Sara Bonaventura e Claudio Cirri di Teatro Sotterraneo narrano l’infanzia del piccolo Amleto, la simulano (interagendo con il bambino in scena) e vi fantasticano coinvolgendo uno spettatore – cifra caratterizzante del loro teatro. «Sei ancora troppo piccolo per domandarti dell’essere o non essere» dicono l’uomo e la donna interpretando i precettori apprensivi. Con un linguaggio caustico, acuto e definito “avant-pop” tratteggiano una mappatura delle carettiristiche del principe di Danimarca come se fossero state già in essere nel suo daimon ironizzando anche sull’essere cresciuto dentro una campana di vetro. Così Amleto legge, scrive e disegna come tutti i bambini normali, ma allo stesso tempo ama collezionare cose morte e custodirle nella sua casetta dove si rifugia in preda alla melanconia.
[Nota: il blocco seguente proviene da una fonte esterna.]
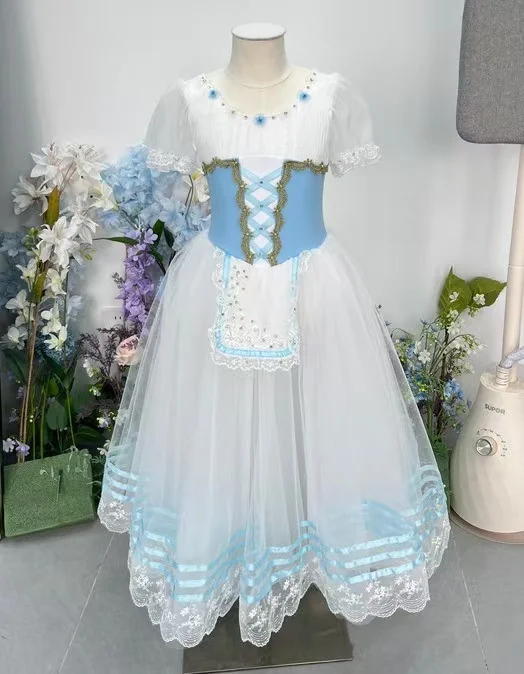 Long white ballet dress with a blue fitted bodice and pale blue skirt trim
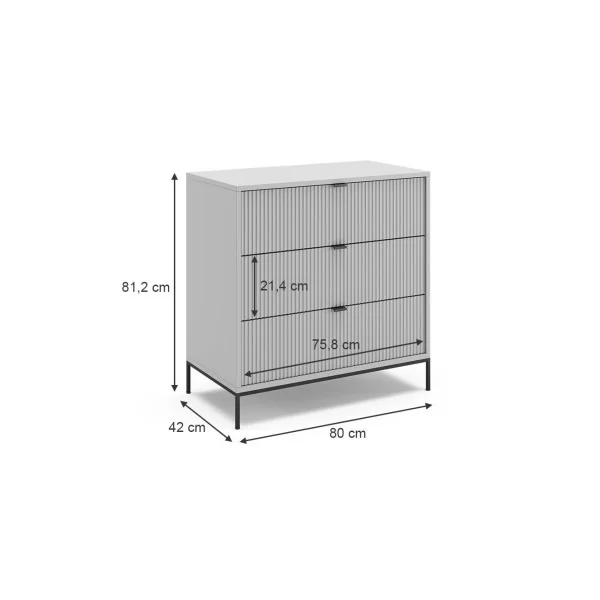 Commode 3 tiroirs design grise Commode grise Commode chambre moderne Commode salon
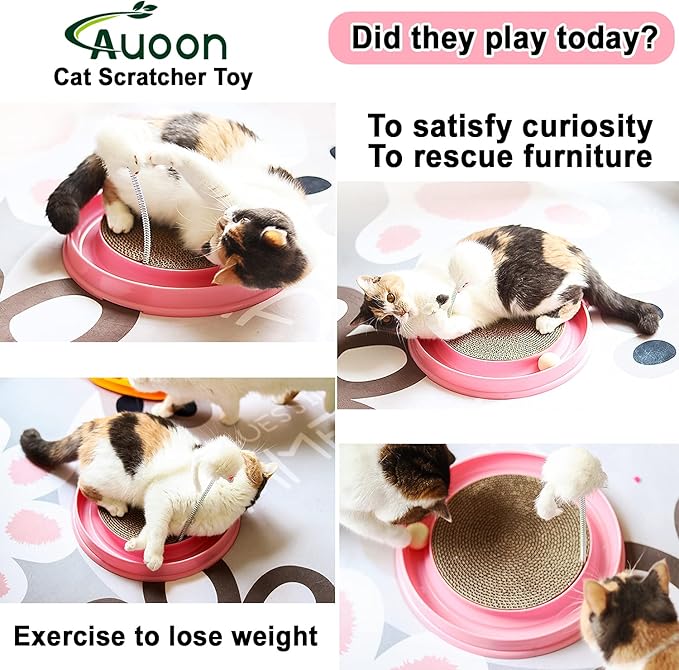 AUOON Cat Scratcher Toy with Ball Track - 3 in 1 Interactive Cat Toy, Cat Scratch Pad with Cat Ball Toy and Plush Cat Mouse Toy for Indoor Cats and Kittens (Milk Shake)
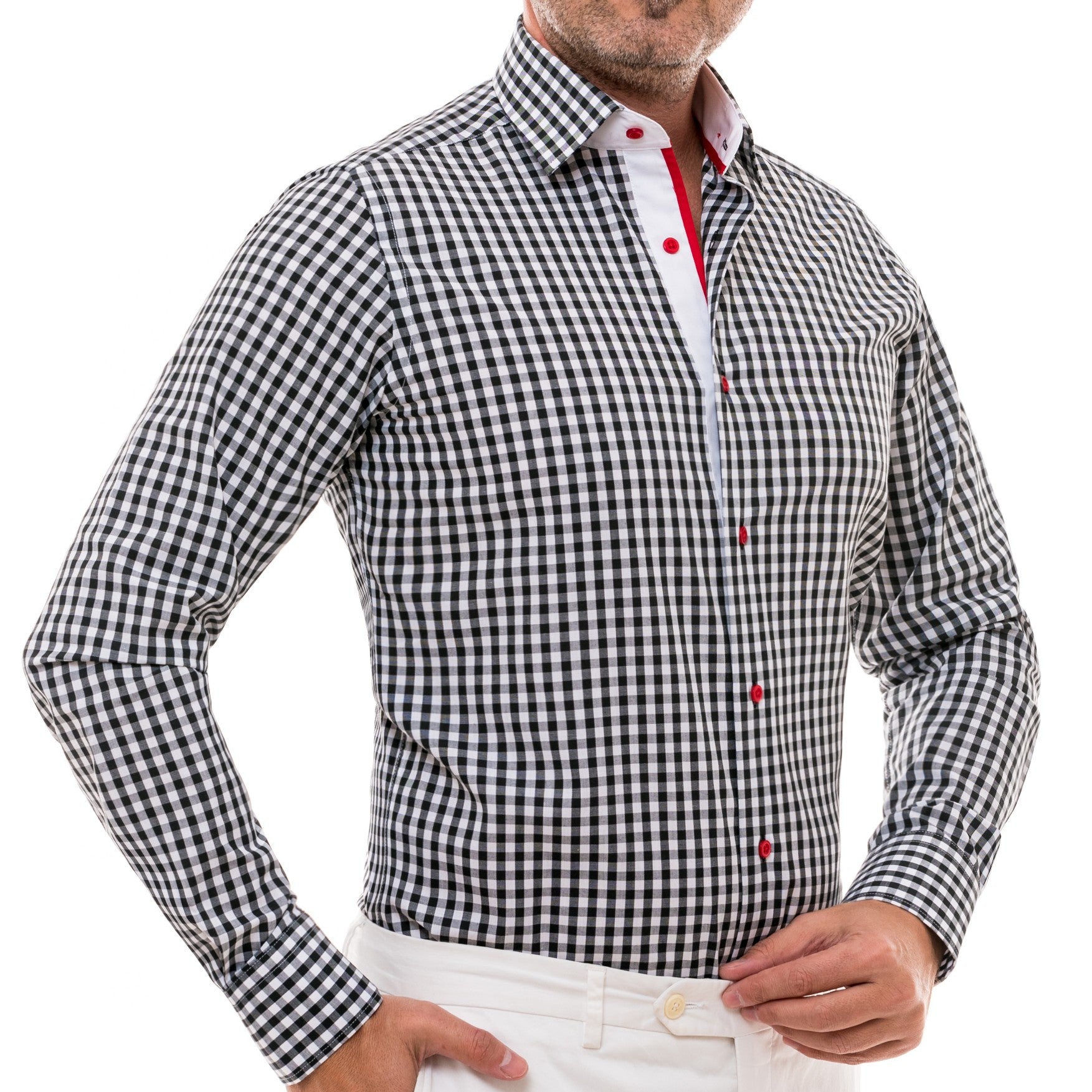 Men's casual black and white checked shirt with Merer design details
«Essere o non essere? Questo è il problema». Parole topiche che in bocca a un bambino appaiono stranianti se non sapessimo che è Amleto. Parole che si sposano con la poetica del Teatro Sotterraneo di porre questioni senza dare risposte.
Partono le note di “Creep” di Damien Rice e Amleto, interrogato dai suoi dilemmi, prende in prestito le parole della canzone restituendole con la successione di cartelli. Il cerchio sta per chiudersi: sottoforma di gioco, Cirri predice al piccolo quello che sarà di lui. «Il resto è silenzio».
Ricollegandosi all’ossessione per la morte (vedi, ad es., “Dies irae”), i ragazzi di Teatro Sotterraneo ci dimostrano come, partendo da una commissione, si possa essere coerenti col percorso realizzato dando vita a una delle variazioni su Amleto più personali viste nell’ambito di Tfaddal.